Opinion

Video

Amar Kishan, MD, on implications of MIRAGE trial data

“I would say both there could be an increase in MRI-guided [SBRT] and there may be increase in investigation into shrinking margins with CT-guided SBRT as well,” says Amar U. Kishan, MD.

In this video, Amar U. Kishan, MD, highlights some of the implications of the MIRAGE trial (NCT04384770), which compared the use of aggressive margin reduction with MRI-guided SBRT to standard CT-guided SBRT. Kishan is a professor and executive vice chair of radiation oncology at the University of California, Los Angeles.

Video Transcript:

There's a couple of ways to think about how this could move forward. One is, now we have data right that going from 4 mm margins to 2 mm margins, strictly speaking—the MRI allowed us to do that—reduces both short-term toxicity and long-term toxicity. One implication would be if there is an uptake in MRI-guided radiation, that would allow a seamless move from larger margins to smaller margins. Thinking a little bit more broadly, perhaps there may be technological advances, even in the CT-guided, that allow us going from a 4 mm to 2 mm without MRI-guided; that's possible as well. Strictly speaking, it was a trial of reducing the margin. We just used the advanced technology to be able to do that. I would say both there could be an increase in MRI-guided [SBRT] and there may be increase in investigation into shrinking margins with CT-guided SBRT as well. MRI-guided radiation is great. It does require an expensive MRI-guided linear accelerator. CT-guided linear accelerators are, at this point, more common. There, I think, will be parallel streams of research there.

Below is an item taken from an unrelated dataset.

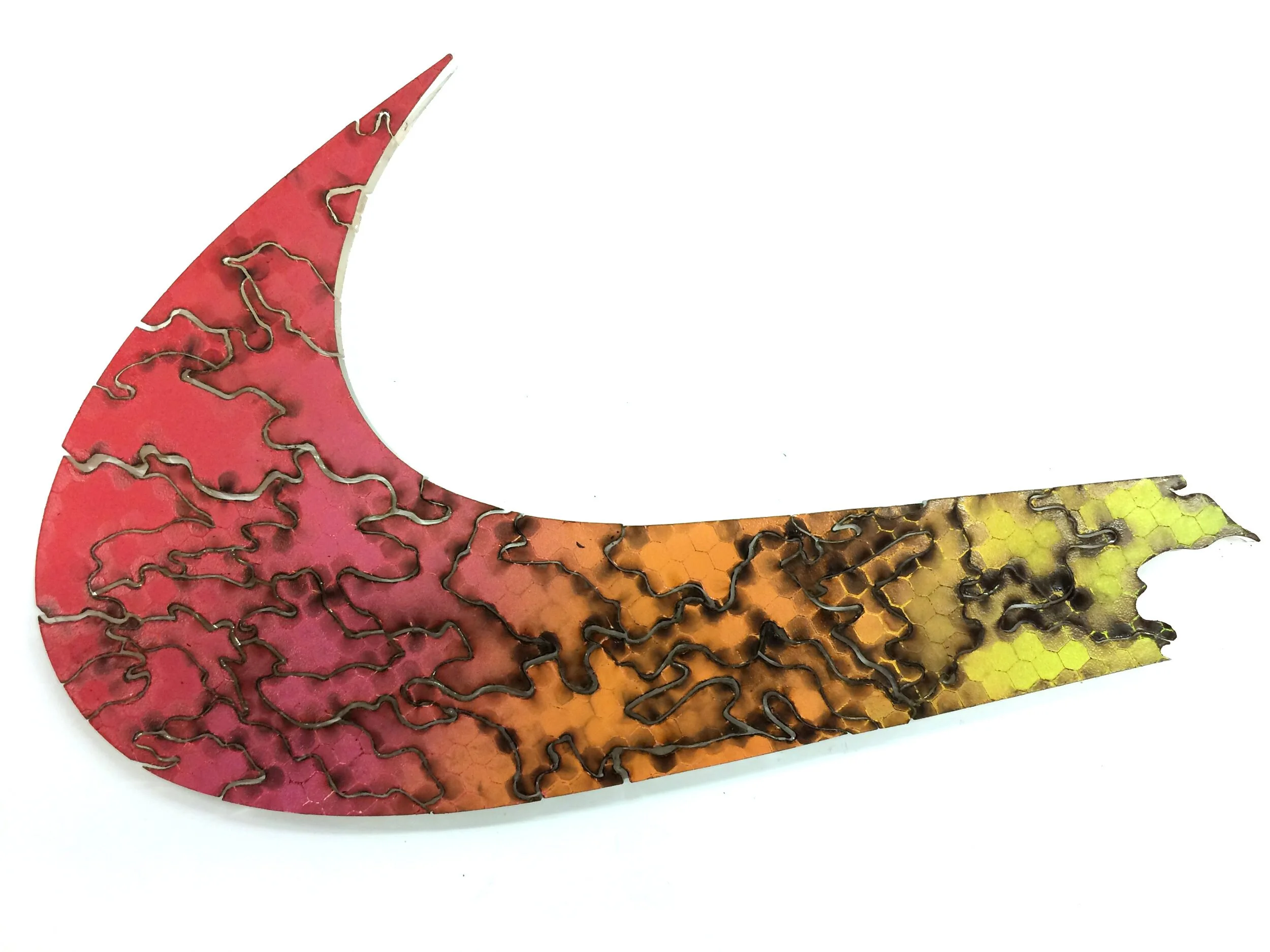 Red orange and yellow nike swoosh acrylic puzzle by Artist Brian Madden on white background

I think another implication is that it's important to note that dropping short-term toxicity did lead to less long-term toxicity, which is intuitive to most people, but it is a controversial point in the field whether short-term toxicity is meaningful in and of itself, because it gets better. These results are supportive, as well as some work that'll be coming out in a month or so, that there is a link between early toxicity and late toxicity. If we can do things to minimize the short-term toxicity, that may very well pan out later, and that's ultimately what we want to do. Ultimately, we aren't concerned about just short-term toxicity. We want to make sure that the whole survivorship, patient quality of life, many years down the line is improved.

This transcript was AI generated and edited by human editors for clarity.